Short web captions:
━━━━

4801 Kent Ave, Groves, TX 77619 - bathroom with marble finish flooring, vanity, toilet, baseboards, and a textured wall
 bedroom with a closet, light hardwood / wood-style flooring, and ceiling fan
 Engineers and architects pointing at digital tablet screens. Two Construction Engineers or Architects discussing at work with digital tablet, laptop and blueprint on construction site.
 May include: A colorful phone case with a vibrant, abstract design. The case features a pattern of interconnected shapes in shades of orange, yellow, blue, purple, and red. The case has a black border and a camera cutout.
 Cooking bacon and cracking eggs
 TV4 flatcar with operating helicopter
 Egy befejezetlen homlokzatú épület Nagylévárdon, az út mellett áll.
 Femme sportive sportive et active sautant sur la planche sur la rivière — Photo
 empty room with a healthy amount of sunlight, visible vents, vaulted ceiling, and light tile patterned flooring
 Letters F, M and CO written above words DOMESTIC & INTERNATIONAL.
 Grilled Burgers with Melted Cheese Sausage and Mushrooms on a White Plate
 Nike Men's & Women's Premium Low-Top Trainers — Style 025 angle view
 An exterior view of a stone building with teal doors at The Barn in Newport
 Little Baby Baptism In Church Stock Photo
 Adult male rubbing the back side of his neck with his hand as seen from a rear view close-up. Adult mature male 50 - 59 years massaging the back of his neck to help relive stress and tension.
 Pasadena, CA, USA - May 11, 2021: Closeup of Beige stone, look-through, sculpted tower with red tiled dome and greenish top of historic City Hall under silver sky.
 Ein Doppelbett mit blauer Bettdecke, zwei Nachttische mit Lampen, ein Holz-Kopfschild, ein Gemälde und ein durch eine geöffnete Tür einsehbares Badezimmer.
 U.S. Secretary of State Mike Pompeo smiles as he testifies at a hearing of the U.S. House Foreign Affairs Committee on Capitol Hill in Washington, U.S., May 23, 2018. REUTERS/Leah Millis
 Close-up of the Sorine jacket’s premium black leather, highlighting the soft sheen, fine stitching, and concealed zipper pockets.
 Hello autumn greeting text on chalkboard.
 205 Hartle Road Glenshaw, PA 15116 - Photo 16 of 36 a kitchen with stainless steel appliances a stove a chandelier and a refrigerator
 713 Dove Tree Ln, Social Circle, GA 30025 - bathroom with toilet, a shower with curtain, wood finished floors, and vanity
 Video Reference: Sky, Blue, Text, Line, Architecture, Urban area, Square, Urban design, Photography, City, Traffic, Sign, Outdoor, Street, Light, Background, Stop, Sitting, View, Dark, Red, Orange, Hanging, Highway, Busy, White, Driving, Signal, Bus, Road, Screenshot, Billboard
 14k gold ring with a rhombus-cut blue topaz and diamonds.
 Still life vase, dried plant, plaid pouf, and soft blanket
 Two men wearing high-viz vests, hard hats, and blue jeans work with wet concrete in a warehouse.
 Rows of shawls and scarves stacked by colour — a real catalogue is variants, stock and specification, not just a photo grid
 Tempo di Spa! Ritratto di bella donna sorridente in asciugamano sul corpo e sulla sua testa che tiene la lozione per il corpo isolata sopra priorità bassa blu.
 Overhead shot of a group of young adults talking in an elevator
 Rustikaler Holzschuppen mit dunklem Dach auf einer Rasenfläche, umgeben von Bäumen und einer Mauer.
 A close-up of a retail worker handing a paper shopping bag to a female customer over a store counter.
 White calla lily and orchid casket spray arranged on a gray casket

━━━━

Work required → Verbatim reproduction of the entries is required.

Task solution →
4801 Kent Ave, Groves, TX 77619 - bathroom with marble finish flooring, vanity, toilet, baseboards, and a textured wall
 bedroom with a closet, light hardwood / wood-style flooring, and ceiling fan
 Engineers and architects pointing at digital tablet screens. Two Construction Engineers or Architects discussing at work with digital tablet, laptop and blueprint on construction site.
 May include: A colorful phone case with a vibrant, abstract design. The case features a pattern of interconnected shapes in shades of orange, yellow, blue, purple, and red. The case has a black border and a camera cutout.
 Cooking bacon and cracking eggs
 TV4 flatcar with operating helicopter
 Egy befejezetlen homlokzatú épület Nagylévárdon, az út mellett áll.
 Femme sportive sportive et active sautant sur la planche sur la rivière — Photo
 empty room with a healthy amount of sunlight, visible vents, vaulted ceiling, and light tile patterned flooring
 Letters F, M and CO written above words DOMESTIC & INTERNATIONAL.
 Grilled Burgers with Melted Cheese Sausage and Mushrooms on a White Plate
 Nike Men's & Women's Premium Low-Top Trainers — Style 025 angle view
 An exterior view of a stone building with teal doors at The Barn in Newport
 Little Baby Baptism In Church Stock Photo
 Adult male rubbing the back side of his neck with his hand as seen from a rear view close-up. Adult mature male 50 - 59 years massaging the back of his neck to help relive stress and tension.
 Pasadena, CA, USA - May 11, 2021: Closeup of Beige stone, look-through, sculpted tower with red tiled dome and greenish top of historic City Hall under silver sky.
 Ein Doppelbett mit blauer Bettdecke, zwei Nachttische mit Lampen, ein Holz-Kopfschild, ein Gemälde und ein durch eine geöffnete Tür einsehbares Badezimmer.
 U.S. Secretary of State Mike Pompeo smiles as he testifies at a hearing of the U.S. House Foreign Affairs Committee on Capitol Hill in Washington, U.S., May 23, 2018. REUTERS/Leah Millis
 Close-up of the Sorine jacket’s premium black leather, highlighting the soft sheen, fine stitching, and concealed zipper pockets.
 Hello autumn greeting text on chalkboard.
 205 Hartle Road Glenshaw, PA 15116 - Photo 16 of 36 a kitchen with stainless steel appliances a stove a chandelier and a refrigerator
 713 Dove Tree Ln, Social Circle, GA 30025 - bathroom with toilet, a shower with curtain, wood finished floors, and vanity
 Video Reference: Sky, Blue, Text, Line, Architecture, Urban area, Square, Urban design, Photography, City, Traffic, Sign, Outdoor, Street, Light, Background, Stop, Sitting, View, Dark, Red, Orange, Hanging, Highway, Busy, White, Driving, Signal, Bus, Road, Screenshot, Billboard
 14k gold ring with a rhombus-cut blue topaz and diamonds.
 Still life vase, dried plant, plaid pouf, and soft blanket
 Two men wearing high-viz vests, hard hats, and blue jeans work with wet concrete in a warehouse.
 Rows of shawls and scarves stacked by colour — a real catalogue is variants, stock and specification, not just a photo grid
 Tempo di Spa! Ritratto di bella donna sorridente in asciugamano sul corpo e sulla sua testa che tiene la lozione per il corpo isolata sopra priorità bassa blu.
 Overhead shot of a group of young adults talking in an elevator
 Rustikaler Holzschuppen mit dunklem Dach auf einer Rasenfläche, umgeben von Bäumen und einer Mauer.
 A close-up of a retail worker handing a paper shopping bag to a female customer over a store counter.
 White calla lily and orchid casket spray arranged on a gray casket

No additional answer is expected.